Women’s rights and film are two things I’ve been passionate about for as long as I can remember. As I child, I spent a huge amount of my free time making videos in iMovie with my friends. In fourth grade, when I saw the documentary My Name Is Malala, I became much more aware of women’s rights and was incredibly inspired. I loved that there was a powerful way to raise awareness through film and storytelling. As a young girl living in Los Angeles, I became particularly aware of the #MeToo movement and was struck by the abuse of power and the difficulties women faced as actresses in the film industry—and so I began to wonder what life was like for women on the other side of the camera. I started researching and quickly found some dramatic statistics and inequities. I was shocked and dismayed to learn of the film industry’s significant gender imbalance when it comes to women being hired for crew roles. Of the 100 top-grossing films in 2018, women accounted for only 18% of producers, 14% of editors, 5% of writers, 4% of directors, and 3% of cinematographers. Additionally, the higher the film budget, the lower the percentage of women in crew roles being hired to work on the movie. I decided to interview people in the film industry to find out why the numbers are so low and to figure out what, if anything, could be done to address this gender gap. My goal was to gain an understanding of the gender bias that women face in their jobs, how it impacts their careers, and ways to improve the numbers.  

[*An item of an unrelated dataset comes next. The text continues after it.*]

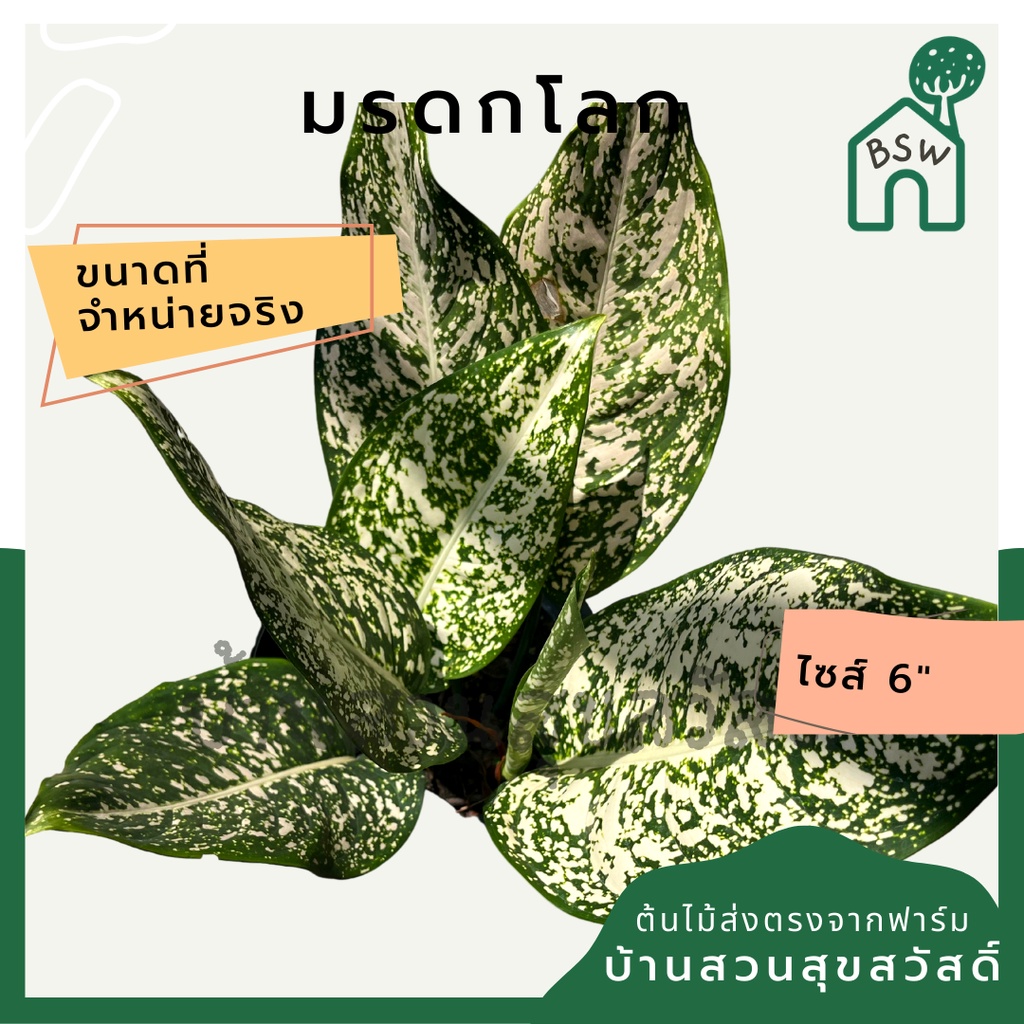 มรดกโลก-กระถาง-5-6-นิ้ว-อโกลนีมา-ด่างแบบโดดเด่น-aglaonema-ไม้แรร์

I made my film as an independent studies project when I was in the eighth grade. I had never made a student film before, but I felt passionate about telling this story. I made the film using the tools available to me: iMovie, a point-and-shoot camera, and some lights and audio equipment borrowed from my school. I found people to interview by asking teachers and parents for recommendations and then asking the people I interviewed for more recommendations. Each person I interviewed knew a lot more than I did about how to use a camera and make a film, so I would always ask for suggestions, and I ended up learning a lot as I went. My first interview had blurry footage, uneven audio, and no B-roll (I didn’t even know what that was), but it made me work extra hard in the editing process to piece together a watchable interview, and I made sure to always use two cameras and check that everything was working before doing other interviews. Synching the audio took hours and iMovie was extremely limiting, but I am proud of the final product and especially grateful for how much I learned in the process.

Although the topic I covered in my documentary is heavy, I actually came away from the experience feeling incredibly inspired and hopeful. I interviewed so many smart, determined women who have faced a variety of challenges and still persevered. Having this as a first project could have discouraged me, but it ultimately made me even more determined to be a filmmaker. I loved learning about people’s experiences—good and bad—and the more I found out, the more curious I was. It was interesting hearing from the men that I interviewed about how different their experiences were from the women, and how little they’d had to consider these questions. It just wasn’t an issue for them in the course of their careers. 

When I first pitched my film concept at school, I was asked whether I could name three female directors. Although I knew a lot of male directors, I could only name one female director.  After making my film, I’m happy to say that not only can I name many more female directors (and writers, producers, editors, and cinematographers), I have so many incredible women to look up to and hopefully even work under one day soon.